Wasn't this an Andy Griffith Show episode?

They all look the same to me.

This man has some 'splainin' to do:

"Your favorite perfume was on sale.....
.....in Austria..........and I walked there.......... to save us money......... Where's the perfume?..........They were sold out when I got there.
Soooooooo..........did you miss me?"

Hopefully the 'wrong body' wasn't still in the room when the 'dead' husband showed up. It all sounds like a surreal, out-of-body experience to me.

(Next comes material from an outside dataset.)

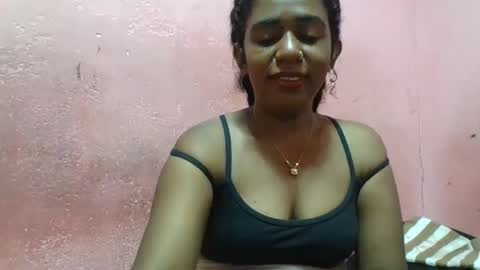 Snapshot of verronique1511 chatting on 02-20-25, 04:14 verronique1511 online show from 02-20-25, 04:14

That's going to cause some paperwork.

He must have smelled pretty bad.

Igor just keeps messing up!

If he was taking Metra in Chicago, the train system could lose him for a year.

"Hi, honey, I'm home."

Lost, but now loser.

Monty Python:

DEAD PERSON: I'm not dead!
CUSTOMER: Nothing -- here's your nine pence.
DEAD PERSON: I'm not dead!
MORTICIAN: Here -- he says he's not dead!
CUSTOMER: Yes, he is.
CUSTOMER: Well, when is your next round?
MORTICIAN: Thursday.
DEAD PERSON: I think I'll go for a walk.

To be fair, he DID tell her the poker game could run long.

Must have been a LOT of work to catch up on the office.